Leaving out every picture, transcribe the lines from the line that contains "Gorilla Gorilla Shorty SH Kweektent" to the end of the entries below, both ends included.

◆ SOURCE INFORMATION
====

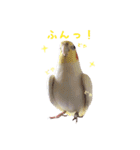 オカメインコのゆずちゃん（個別スタンプ：5）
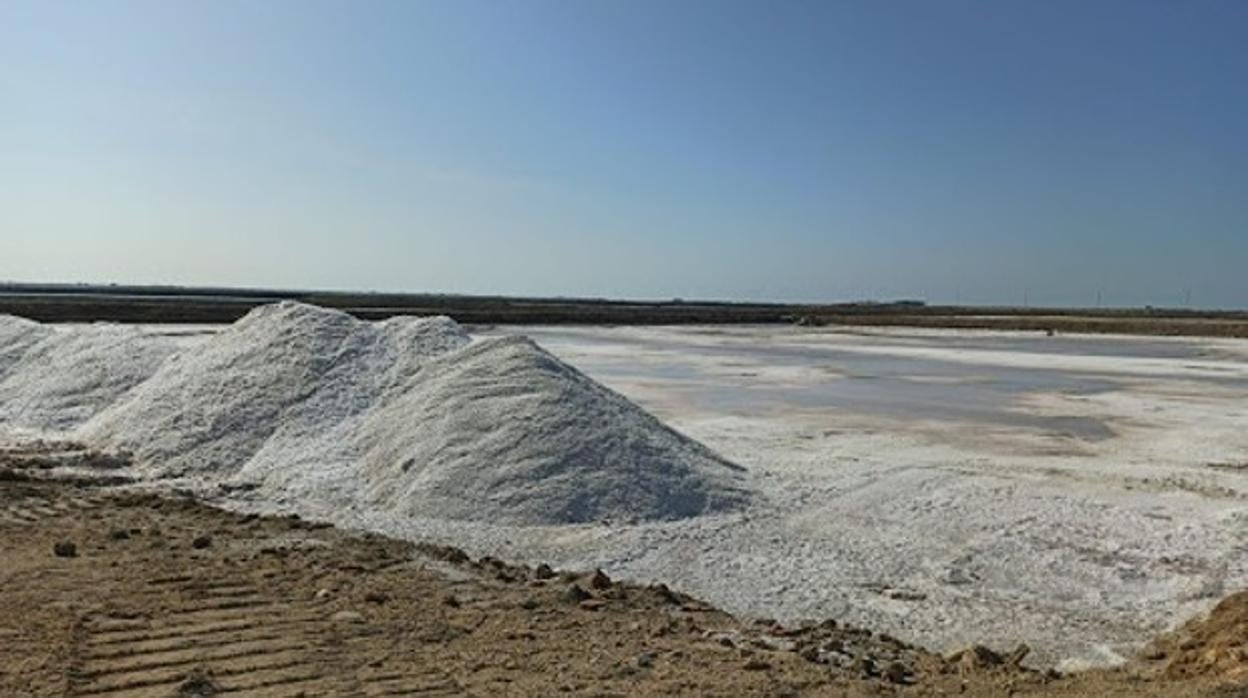 San Fernando y la UCA colaboran para impulsar el estudio y la divulgación de las salinas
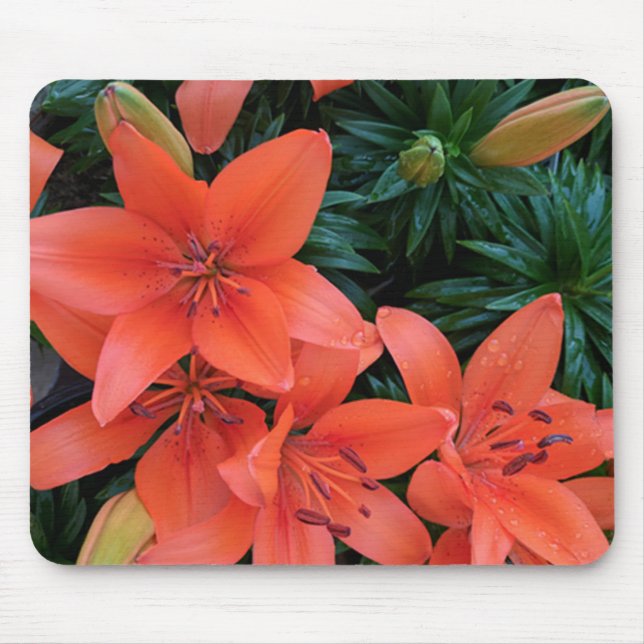 Orange Lily Musmatta (Framsidan)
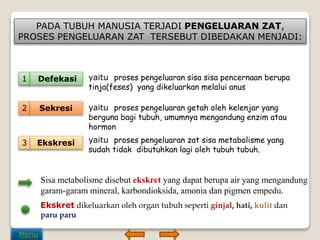 3 Proses Pengeluaran Zat pada Manusia - raincitystudios.com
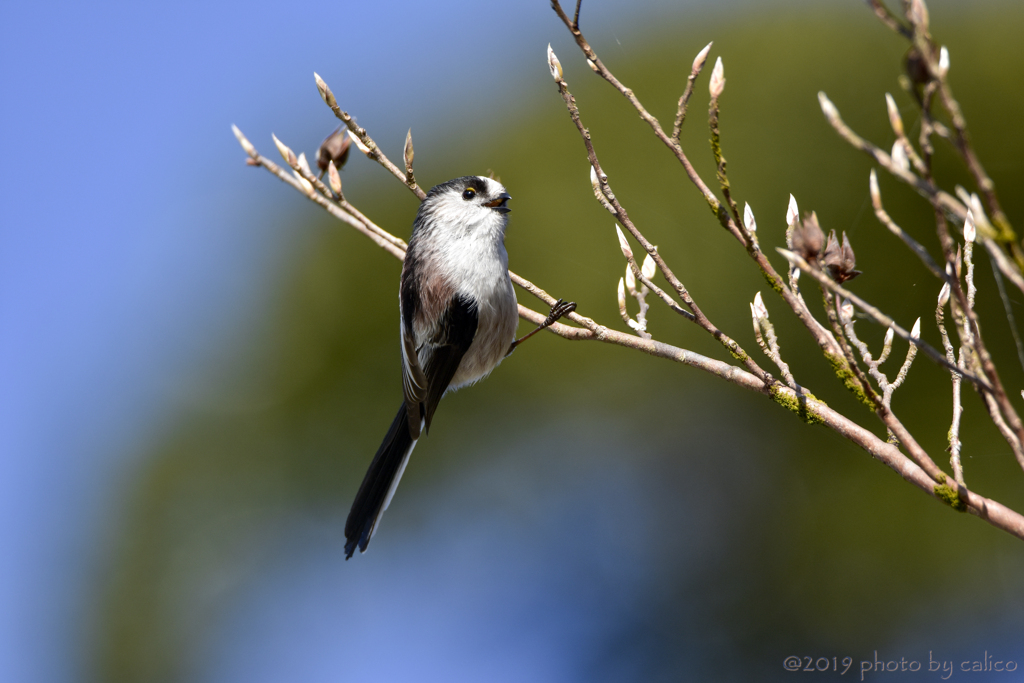 エナガと青い空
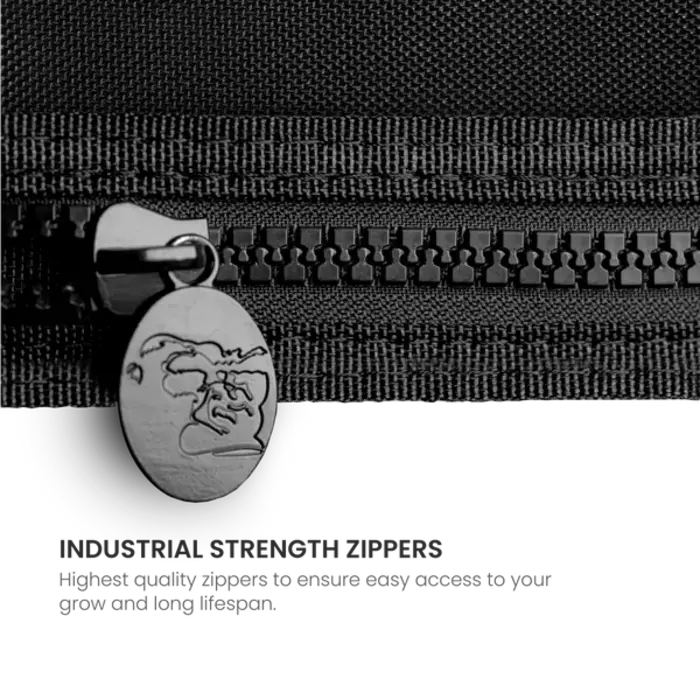 Gorilla Gorilla Shorty SH Kweektent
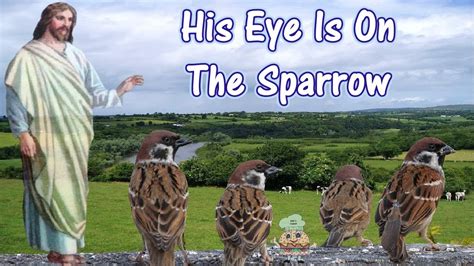 his eye is on the sparrow youtube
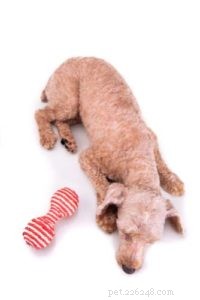 Recognizing Depression in Dogs: Symptoms, Causes, and Effective Treatments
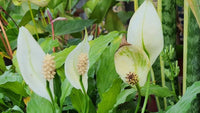 Peace Lilie Blumensamen zur Aussaat – Drought verträglich – Traditionssorte & ohne Gentechnik Samen Hausgarten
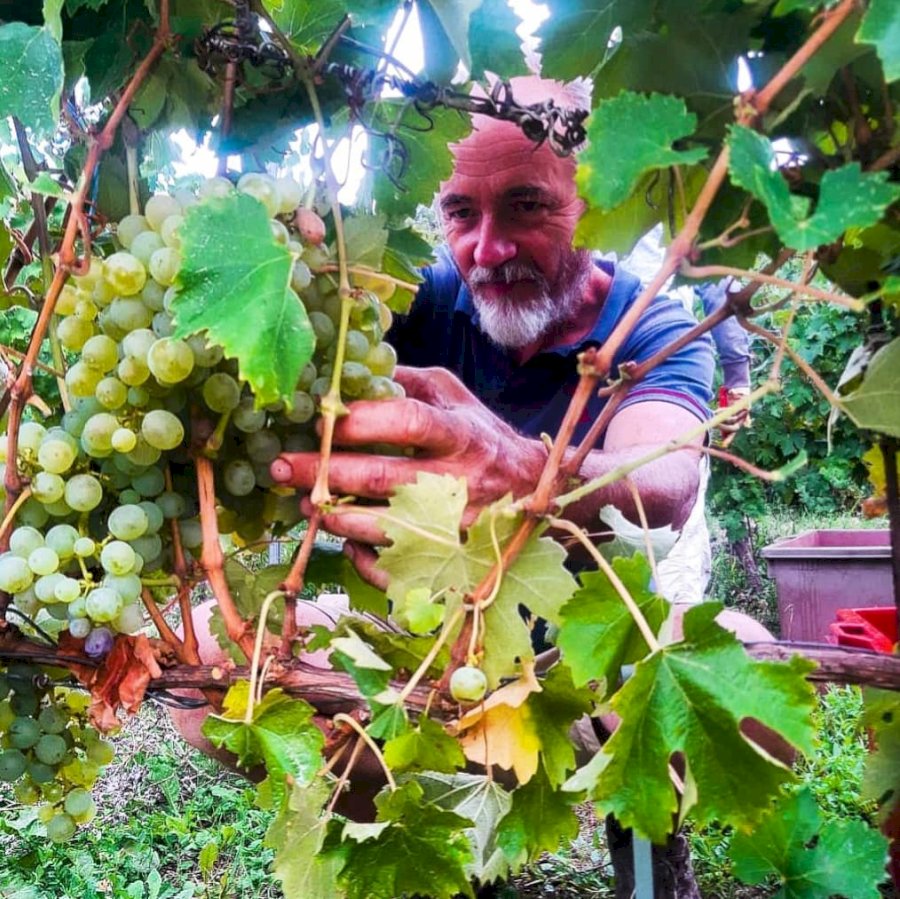 Tenuta Fornace
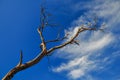 Branches against the sky.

====

◆ RESPONSE TO THIS TASK
 Gorilla Gorilla Shorty SH Kweektent
 his eye is on the sparrow youtube
 Recognizing Depression in Dogs: Symptoms, Causes, and Effective Treatments
 Peace Lilie Blumensamen zur Aussaat – Drought verträglich – Traditionssorte & ohne Gentechnik Samen Hausgarten
 Tenuta Fornace
 Branches against the sky.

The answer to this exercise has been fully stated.